In this case we are (currently) out of luck

OK. It's been my cursory observation that puzzles which have "nice" symmetry rarely, if ever have low (sub 20) starting counts too.

gfroyle wrote:Now, just for MY curiousity - if I send you the file of 1000+ puzzles, can your program quickly determine which of them are interesting games-wise?

It would need some minor modifications, but then it would quite easily generate a report on the degree of difficulty of each puzzle. However, please don't send them just yet .
angusj

Posts: 306
Joined: 12 June 2005

Nick70 wrote:
gfroyle wrote:308 x (1^3, 2^3, 3^3)
301 x (1^2, 2^6, 3^2)

Those two would imply 18 and 20 clues respectively. The last one 10 numbers even instead of 9.

BTW the notation is really confusing from a mathematical point of view, something like this would be better:

79 x (1x0, 2x1, 3x2, 3x3)

Blah... just shows that I should NEVER try to transcribe something by hand. Here is the output from my program which should be clear in all ways.. the numbers have changed slightly because more new 17s have been found in the interim...

Code: Select all
`     80 0 1 1 2 2 2 3 3 3     303 0 1 2 2 2 2 2 3 3      58 0 2 2 2 2 2 2 2 3       1 1 1 1 1 1 3 3 3 3      28 1 1 1 1 2 2 3 3 3     308 1 1 1 2 2 2 2 3 3     303 1 1 2 2 2 2 2 2 3 `

The notation that I was attempting to use (2^3) is actually the normal mathematical notation for a multiset - a "set" which can contain some objects more than once. In a printed maths paper, the 2^3 appears as a 2 with a superscript 3, thus indicating "2 occurs 3 times".

But I agree that it doesn't translate well to a more general forum.

Thanks for spotting the error..

gordon
gfroyle

Posts: 214
Joined: 21 June 2005

gfroyle wrote:Things that are "different" from all the others are often interesting mathematically, so here is the single example of type (1^5, 3^4) - notice that there is one each of {1,3,4,8,9} and three each of {2,5,6,7}

Code: Select all
`+ + +  + 6 +  + 3 ++ + +  8 + +  2 + +2 + +  5 + +  + + ++ + +  2 9 +  5 + ++ 7 6  + + +  + + ++ + +  + + +  1 + ++ + +  + + 7  + 6 45 + +  + + +  + + ++ + +  + + +  + 7 +`

How does this rate as an actual puzzle? (I have not yet had time to code up all the "rules" and figure out how to assign a rating to a puzzle...). Probably it cannot be done just using the rules without some backtracking...
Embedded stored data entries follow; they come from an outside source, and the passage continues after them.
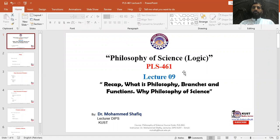Bismillahirrahmanirrahim. Dear students, Assalamualaikum. Today is our second online lecture and in total, lecture number nine of philosophy of science. In this lecture, we are going to recap whatever we have discussed in previous lectures, as well as define philosophy, its branches and functions, and why we need a philosophy of science.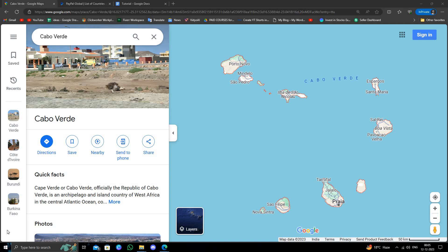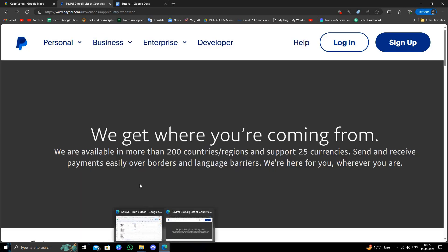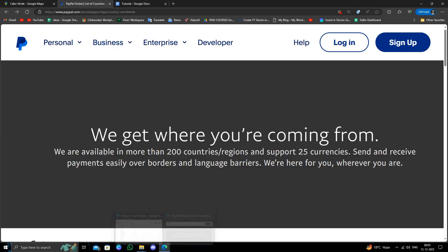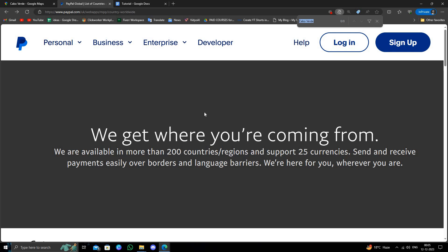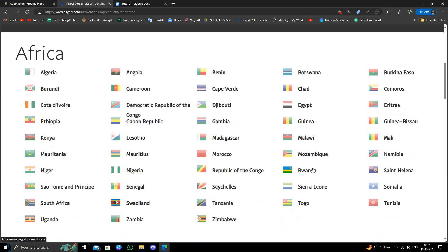Let's go to the PayPal list page. From here, I'll click on 200+ countries and regions, and then select Cabo Verde.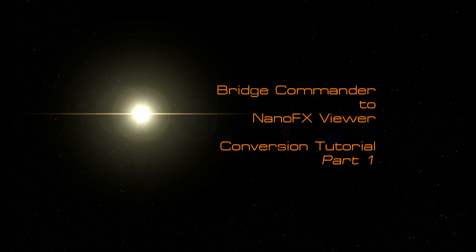Hi, it's Cadet here, and this is part one of the NanoFX conversion tutorial.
Actually, you're wrong - it's a nice, easy little puzzle. Did it using a selection of the more simple logical techniques, no backtracking in sight. :)

EDIT: Briefly starting the puzzle over, I recognise that this is essentially because the first steps - increasing the numbers of 7s, 5s and 2s, of which there already are a few - are pretty easy. Once we have a few of those, it gets easier and easier.
Hammerite

Posts: 44
Joined: 20 June 2005

### 17 going on 16 !!!!!!!!!!!!!!!!!!!

gfroyle wrote:By now, I have collected 1075 different (ie genuinely different, not just relabellings or rearrangements) uniquely completable 17-hint grids, and about 78000 uniquely completable 18-hint grids.

Thanks - that is interesting work.

Supplementary Qs

Are some of these 17 - hint grids not doable if you row swap/column swop ? [this wouldnt make sense to me]

Has a grid only one way to do a 17 or can a grid have several 17s in it ?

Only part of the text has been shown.